Maxime Savaux, expliquait en mars 2022 à nos confrères de Libération le ridicule de la situation. A cause de la guerre en Ukraine, les usines de Valdunes récupèrent une commande destinée à son concurrent ukrainien Interpipe. Sur les 10 000 roues et les 5 000 essieux commandés, seuls 600 roues et 300 essieux seront produits intégralement sur les sites français. Les autres seront forgées et assemblées directement en Chine avant de traverser le globe pour recevoir à Valenciennes l’unique pièce manquante, une boîte permettant la rotation de l’essieu. Il en va de même pour les autres commandes. 

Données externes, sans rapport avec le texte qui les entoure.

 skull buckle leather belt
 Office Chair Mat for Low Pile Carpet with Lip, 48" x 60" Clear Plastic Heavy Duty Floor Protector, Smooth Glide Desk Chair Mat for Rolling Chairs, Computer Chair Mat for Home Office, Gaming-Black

Parallèlement, MG-Valdunes perd progressivement sa clientèle traditionnelle au profit de ses concurrents européens et chinois : l’espagnole CAF, l’italien Lucchini ou encore le tchèque Bonatrans. Au premier plan de ce désengagement de certains clients, la SNCF, dont l’État est actionnaire à 49%, contribue  activement à l’affaiblissement de ce “potentiel industriel”. Il y a 10 ans, la société ferroviaire française commandait 45 000 roues et 5000 essieux par an, soit 80% des commandes de Valdunes. Aujourd’hui, ces chiffres ont fondu avec seulement 3 500 roues et 3 essieux.

Valdunes: le grand oublié du projet de réindustrialisation gouvernemental

Condamnés à la fermeture par l’annonce de MA Steel du 4 mai, les salariés cherchent des solutions pour garder leur emploi et maintenir une production stratégique en France.  

La nationalisation? Cette solution est préconisée par les salariés de Valdunes qui souhaiteraient voir l’État entrer dans le capital. Cependant cette option a été balayée d’un revers de main par le gouvernement. Le 9 mai 2023, Roland Lescure, Ministre délégué chargé de l’industrie, a déclaré son intention de trouver “un investisseur stratégique, et non financier […], qui redressera tout ou partie de l’activité.“ L’état compte donc sur des investisseurs privés pour sauver une activité qui œuvre indirectement pour des services de bien commun comme les transports publics, ce même état qui n’hésite pas à subventionner fortement des entreprises privées voisines comme ArcelorMittal à quelques kilomètres de là qui perçoit des dizaines de millions d’euros. 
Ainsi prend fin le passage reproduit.